Plus près de nous, des œuvres surprennent. De Julio Le Parc, qui a pour l’essentiel créé des œuvres dites cinétiques, alliant lumière et mouvement, on découvre « Nul ne sera soumis à la torture », de 1972, d’un réalisme violent, serrant la gorge. Avec le mouvement dit de la figuration narrative, dans les années soixante-dix, on pénètre dans le fouillis d’images de l’artiste Erró avec « America », un amalgame de dollars, de bombardiers, de figurines grimaçantes connues ou non, de crânes humains alignés. C’est dans cette partie que l’on rencontre Peter Klasen avec une « Vénus mécanique », Valerio Adami, Gilles Aillaud, Pierre Buraglio au bord de l’épure ou citant « la Peste », de Poussin, Leonardo Cremonini, Antonio Recalcati, Eduardo Arroyo, Henri Cueco, Gérard Schlosser, jouant avec l’hyperréalisme et la peinture de Fernand Léger dans un même tableau de 2007, « Vers 6 heures… »

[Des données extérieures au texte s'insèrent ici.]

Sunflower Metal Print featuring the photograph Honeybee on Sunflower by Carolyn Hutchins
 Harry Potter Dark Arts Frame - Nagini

Et puis Mark Brusse dont on avait vu une rétrospective il y a quelques années à Dunkerque, Roger Somville, Bernard Rancillac avec « Femme d’Alger », un visage derrière une grille et des broussailles… Et aussi Hervé Di Rosa, Ernest Pignon-Ernest avec ses affiches de Pasolini, des photos également, et des feuilles des dessinateurs de « Charlie Hebdo », Charb, Wolinski, qui ne rataient jamais une Fête de l’Huma, et puis… « C’est un scandale ». Une œuvre de 2020, du grapheur Jerk 45. De circonstance. Quelle histoire.
Catalogue de l’exposition, éditions de l’Atelier, 256 pages, 36,90 euros.